While the deals were bigger, there actually weren't as many as there were in 2011. The number of M&A transactions Digi-Capital identified in 2012 (84) was actually down 26 percent year-over-year. The industry also seemed to shift eastward, as the acquiring parties in eight of the 10 largest deals were from China, Japan, or South Korea.
On the other hand, gaming investment activity in 2012 was down sharply to an $868 million total, a decline of more than $1 billion (56 percent) from 2011. The average investment fell in step, down 56 percent to $5.2 million. Digi-Capital put the blame squarely on the collapse of the social game market, noting that lowered investment in the social sector accounted for 96 percent of the decline.
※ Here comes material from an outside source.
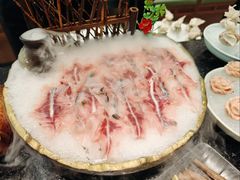 -得意咚瓜·顺德鱼生·冬瓜火锅(深圳首店)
The Zynga IPO in particular was enough of a scare that some venture capitalists have been driven out of the games market entirely, according to the report.
Looking ahead, Digi-Capital said growth in online and mobile games could push the total games market to $83 billion in fiscal 2016, at which point they are expected to account for 55 percent of all gaming revenues. In 2012, online and mobile games brought in $31 billion, or 49 percent of all gaming revenue.